In the one-off Catene Milano necklace, Mr. Castaldo combined repetition and change to create a chain necklace in rose gold set with 14.31 carats of diamonds, which could be worn as a necktie or a sautoir (long necklace), thanks to an adjustable clasp. Its diamond-set pendant, itself designed to resemble a chain link, “gives it an urban, industrial flair,” Mr. Castaldo said, and makes it “wearable by everyone.”
Dior turned a signature motif — Christian Dior’s initials — into the links of a graphic chain-inspired collection, called Color Dior and first introduced in 2022. An addition this year was a double ring that can be transformed into a pendant by placing it on a chain. A rose gold version was enhanced with touches of black and white lacquer, while the yellow gold ring has shades of turquoise and navy.

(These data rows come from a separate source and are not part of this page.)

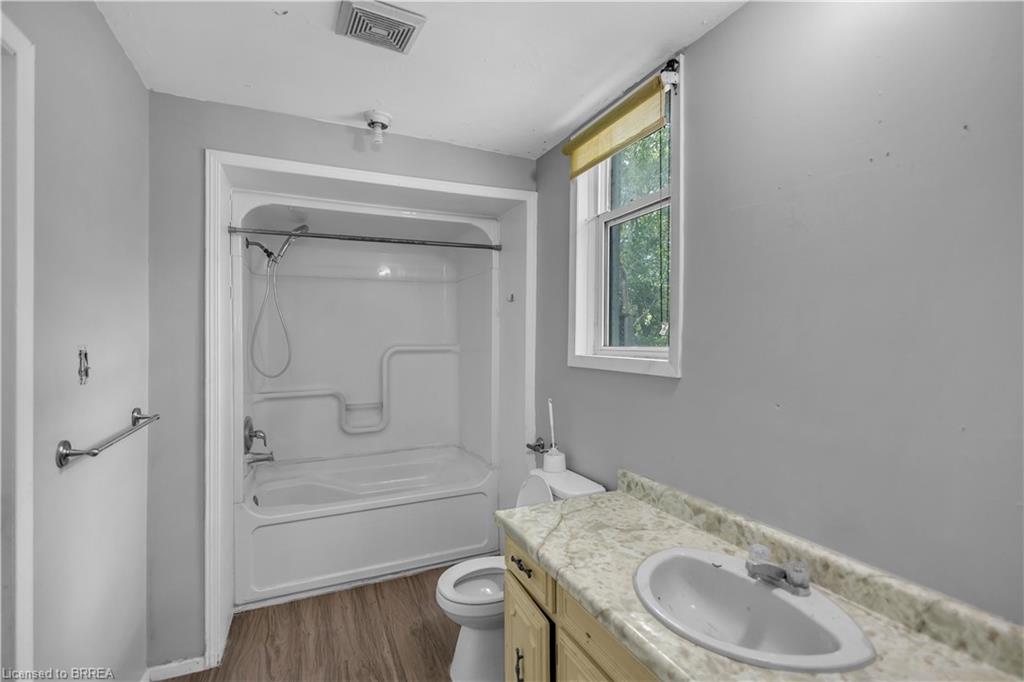 8 Victoria Street Property Photo 28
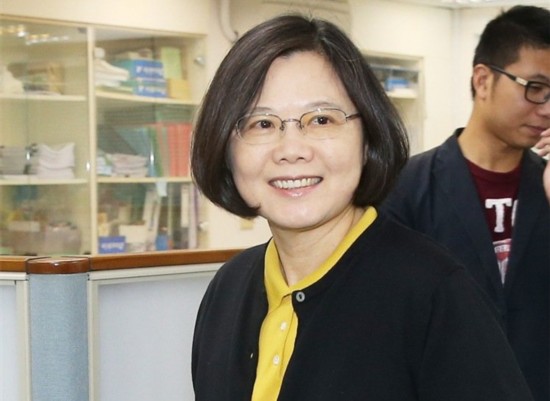 被指520确定不提"九二共识" 蔡英文听闻笑而不答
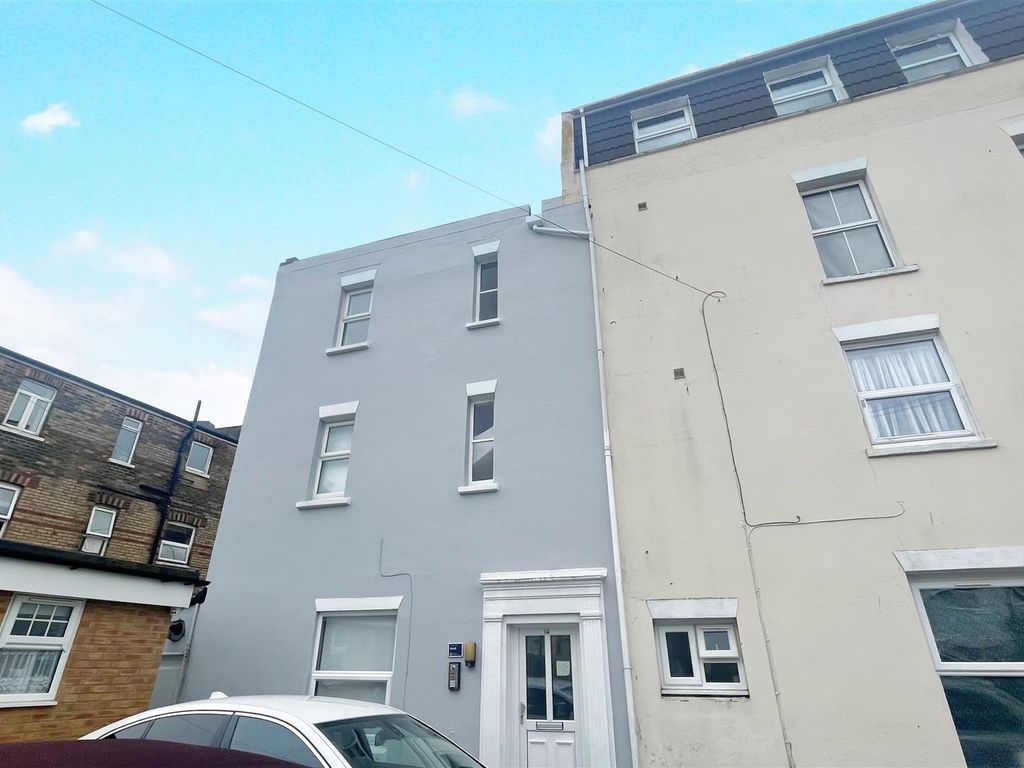 1 bed flat for sale in South View Place, Bournemouth BH2, £124,950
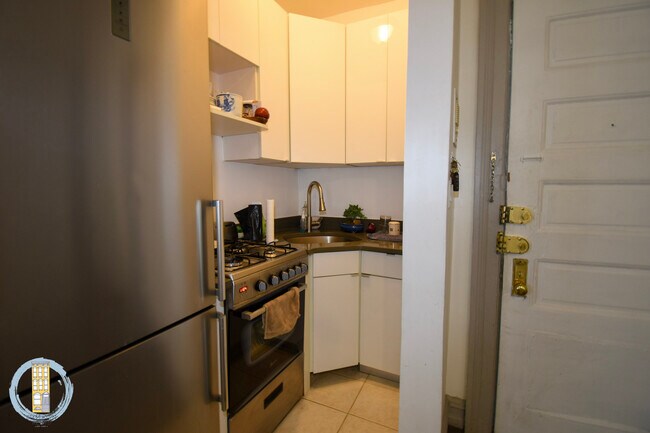 Building Photo - 45 W 68th St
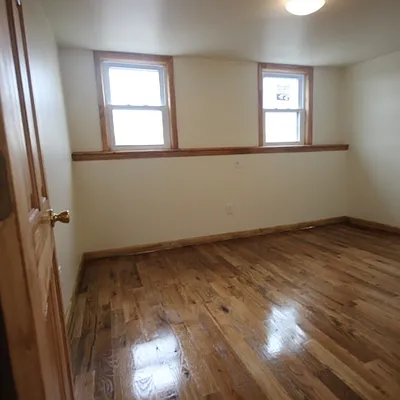 Rented by Nooklyn NYC LLC | media 10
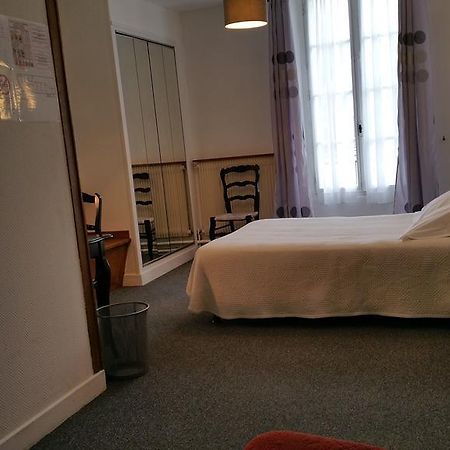 Hotel A Notre Dame La Châtre Zewnętrze zdjęcie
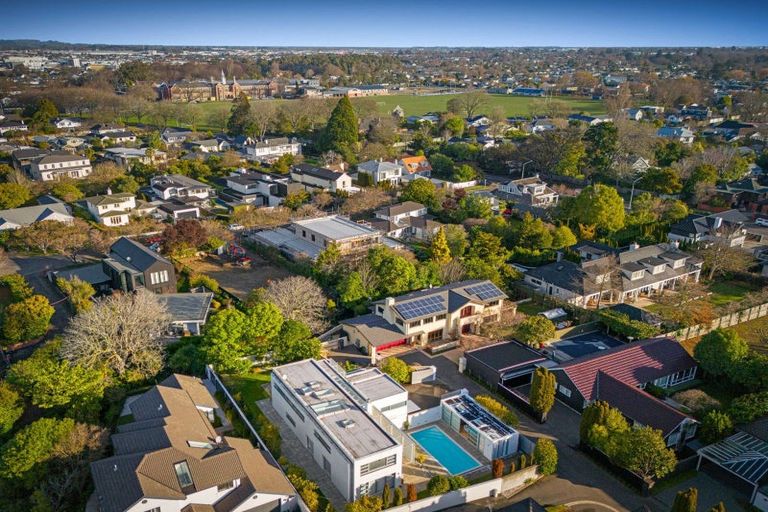 Photo of property in 97a Fendalton Road, Fendalton, Christchurch, 8014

Catherine Zadeh, an independent fine jewelry designer based in New York who started creating men’s jewelry in 1995, broadened her approach recently with chain-link pieces that marry yellow gold to blackened silver, designed to bridge the gender divide.
“The Fiero chain necklace has oval shaped links with blackened crevasses that add texture, depth and character to this piece,” Ms. Zadeh said. “It has a subtle masculine edge, but you can stack it with a contrasting gold chain for more unisex appeal.”
And, she said, the Fiero sautoir was designed to appeal to anyone. “A lot of men today are wearing chain-link sautoirs,” Ms. Zadeh said. “My husband may not, but someone with the sartorial sense of Harry Styles would.”
Also using chains to evoke “both feminine and masculine vibes,” the Athens-based designer Nikos Koulis has turned to blackened or brushed gold chains, some set with precious stones.
“These pieces are about balance between rich and plain, feminine and masculine, tough and soft, confident and steady,” Mr. Koulis wrote in an email. “My chains are connectors. They have a delicate austerity to them, but they are timeless.”